GraphSAINT: Graph Sampling Based Inductive Learning Method

Hanqing Zeng*, Hongkuan Zhou*, Ajitesh Srivastava, Rajgopal Kannan, Viktor Prasanna

Contact

Hanqing Zeng (zengh@usc.edu), Hongkuan Zhou (hongkuaz@usc.edu)

Feel free to report bugs or tell us your suggestions!

Overview

GraphSAINT is a general and flexible framework for training GNNs on large graphs. GraphSAINT highlights a novel minibatch method specifically optimized for data with complex relationships (i.e., graphs). The traditional way of training a GNN is: 1). Construct a GNN on the full training graph; 2). For each minibatch, pick some nodes at the output layer as the root node. Backtrack the inter-layer connections from the root node until reaching the input layer; 3). Forward and backward propagation based on the loss on the roots. The way GraphSAINT trains a GNN is: 1). For each minibatch, sample a small subgraph from the full training graph; 2). Construct a complete GNN on the small subgraph. No sampling is performed within GNN layers; 3). Forward and backward propagation based on the loss on the subgraph nodes.

GraphSAINT performs "graph sampling" based training, whereas others perform "layer sampling" based training. Why does it matter to change the perspective of sampling? GraphSAINT achieves the following:

Accuracy: We perform simple yet effective normalization to eliminate the bias introduced by graph sampling. In addition, since any sampling process incurs information loss due to dropped neighbors, we propose light-weight graph samplers to preserve important neighbors based on topological characteristics. In fact, graph sampling can also be understood as data augmentation or training regularization (e.g., we may see the edge sampling as a minibatch version of DropEdge).

Efficiency: While "neighbor explosion" is a headache for many layer sampling based methods, GraphSAINT provides a clean solution to it thanks to the graph sampling philosophy. As each GNN layer is complete and unsampled, the number of neighbors keeps constant no matter how deep we go.
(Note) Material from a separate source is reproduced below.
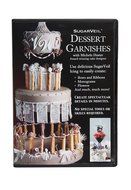 SugarVeil&reg; Dessert Garnishes DVD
Computation cost per minibatch reduces from exponential to linear, w.r.t. GNN depth.

Flexibility: Layer propagation on a minibatch subgraph of GraphSAINT is almost identical to that on the full graph. Therefore, most GNN architectures designed for the full graph can be seamlessly trained by GraphSAINT. On the other hand, some layer sampling algorithms only support limited number of GNN architectures. Take JK-net as an example: the jumping knowledge connection requires node samples in shallower layers as a superset of node samplers in the deeper layers --- minibatches of FastGCN and AS-GCN do not satisfy such condition.

Scalability: GraphSAINT achieves scalability w.r.t. 1). graph size: our subgraph size does not need to grow proportionally with the training graphs size. So even if we are dealing with a million-node graph, the subgraphs can still easily fit in the GPU memory; 2). model size: by resolving "neighbor explosion", training cost scales linearly with GNN width and depth; and 3). amount of parallel resources: graph sampling is highly scalable by trivial task parallelism. In addition, resolving "neighbor explosion" also implies dramatic reduction in communication overhead, which is critical in distributed setting (see our IEEE/IPDPS '19 or hardware accelerator development).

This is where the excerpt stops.